PANGKALPINANG, KATABABEL.COM — Komisi XIII Dewan Perwakilan Rakyat Republik Indonesia (DPR RI) bersama Lembaga Perlindungan Saksi dan Korban (LPSK) menggelar konsultasi publik dalam rangka penyusunan kebijakan publik yang partisipatif serta memperkuat substansi Perubahan Kedua Undang-Undang Nomor 13 Tahun 2006 tentang Perlindungan Saksi dan Korban, Rabu (2/7/2025).
Kegiatan yang berlangsung di Kantor Wilayah Kementerian Hukum dan HAM Provinsi Kepulauan Bangka Belitung, Komplek Perkantoran Gubernur, Jalan Pulau Bangka, Air Itam, Kecamatan Pangkalan Baru, Kabupaten Bangka Tengah ini dihadiri oleh para Anggota Komisi XIII DPR RI, pimpinan LPSK, dan berbagai pemangku kepentingan seperti pemerintah daerah, aparat penegak hukum, penyedia layanan, akademisi, praktisi hukum, serta kelompok masyarakat sipil.
Konsultasi publik ini menjadi bagian dari kunjungan kerja Komisi XIII DPR RI untuk mendengarkan langsung aspirasi masyarakat dan mitra kerja sebagai bahan dalam proses penyempurnaan regulasi terkait perlindungan hukum terhadap saksi dan korban.
Mewakili Gubernur Kepulauan Bangka Belitung, Asisten III Sekretariat Daerah Provinsi, Yunan Helmi, menyampaikan apresiasi kepada Komisi XIII DPR RI dan LPSK atas komitmen mereka dalam membuka ruang partisipasi publik dalam proses pembentukan kebijakan.
“Atas nama Pemerintah Provinsi Kepulauan Bangka Belitung, kami menyambut baik pelaksanaan konsultasi publik ini dan menyampaikan terima kasih atas inisiatif Komisi XIII DPR RI dan LPSK yang telah datang langsung mendengar suara masyarakat,” ujar Yunan dalam sambutannya.
Ia menegaskan bahwa perlindungan terhadap saksi dan korban bukan hanya soal hukum formal, melainkan menyangkut keadilan sosial dan kemanusiaan.
“Kami menyadari bahwa perlindungan terhadap korban bukan hanya sekadar amanat undang-undang, tetapi juga merupakan kewajiban moral negara untuk hadir bagi warganya yang mengalami penderitaan akibat berbagai bentuk kejahatan,” tambahnya.

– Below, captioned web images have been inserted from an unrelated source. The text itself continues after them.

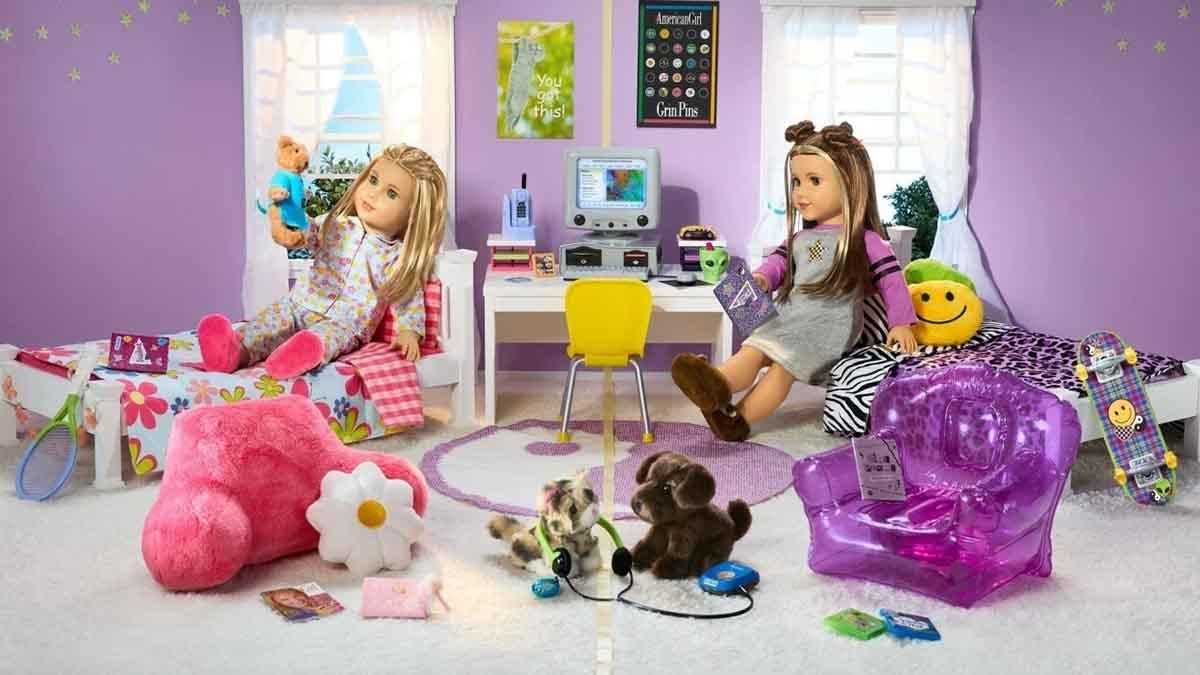 American Girl's New "Historical" Dolls Are Set in 1999 thumbnail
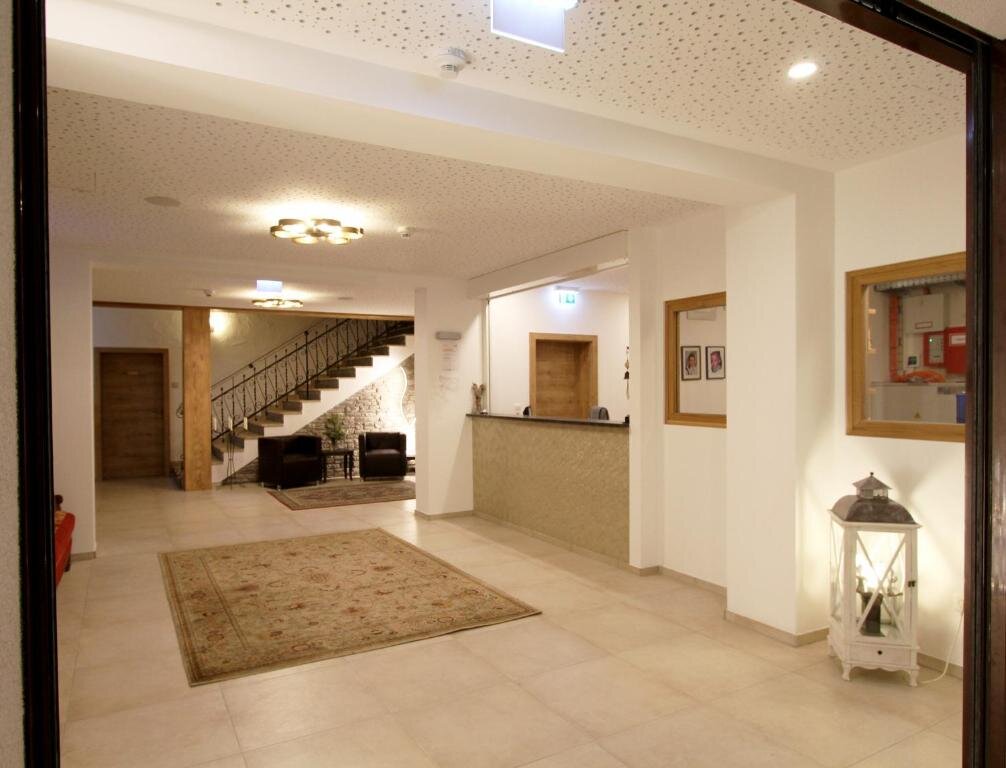 e06.jpg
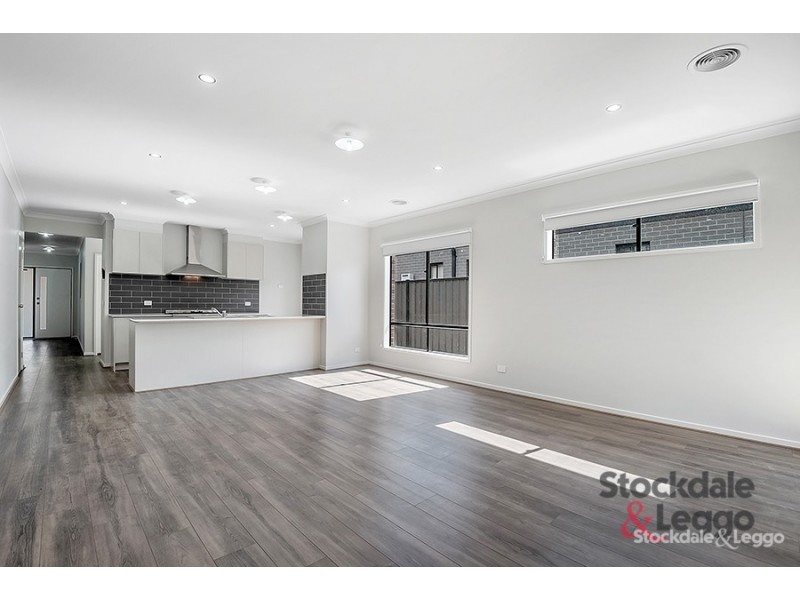 41 Coolaman Drive, Craigieburn VIC 3064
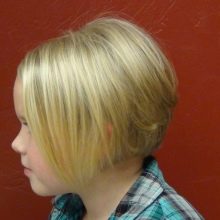 Стрижки для дівчаток (73 фото): як підстригти дівчинку вдома? Оригінальні дитячі модні стрижки на довгі і середні волосся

Perwakilan LPSK Wilayah Kepulauan Bangka Belitung, Antonius menyampaikan bahwa tantangan perlindungan saksi dan korban di daerah masih cukup besar, terutama terkait akses informasi, pendampingan, serta sinergi antar-lembaga.
“Masih banyak masyarakat di Babel yang belum sepenuhnya memahami hak-hak mereka sebagai korban atau saksi. Sosialisasi dan kehadiran regulasi yang kuat sangat dibutuhkan untuk memperluas cakupan perlindungan,” ujarnya.
Menurutnya, revisi UU Perlindungan Saksi dan Korban harus mempertegas peran daerah dan mendorong kolaborasi antara aparat penegak hukum, pemerintah daerah, serta organisasi masyarakat sipil.
“Kami berharap perubahan undang-undang ini tidak hanya memperkuat kelembagaan LPSK secara nasional, tapi juga memperluas jangkauan layanan kami di wilayah seperti Bangka Belitung. Perlindungan harus mudah diakses dan berkelanjutan,” tegas Antonius
Anggota Komisi XIII DPR RI, Melati, menyampaikan bahwa konsultasi publik ini merupakan pendekatan legislatif yang inklusif dan terbuka. Menurutnya, revisi undang-undang harus berdasarkan realitas di lapangan dan tidak sekadar bersifat normatif.
“Kami ingin memastikan bahwa revisi UU ini benar-benar mewakili kebutuhan masyarakat dan memperkuat sistem perlindungan saksi dan korban di Indonesia. Aspirasi dari daerah seperti Bangka Belitung menjadi sangat penting untuk kami akomodasi,” ungkapnya.
Kegiatan ini diharapkan menjadi ruang terbuka yang produktif untuk melahirkan kebijakan hukum yang adil, berpihak kepada korban, serta selaras dengan semangat perlindungan hak asasi manusia. Komisi XIII DPR RI bersama LPSK berkomitmen untuk terus menjaring masukan dari berbagai daerah sebagai wujud demokrasi partisipatif dalam proses legislasi nasional.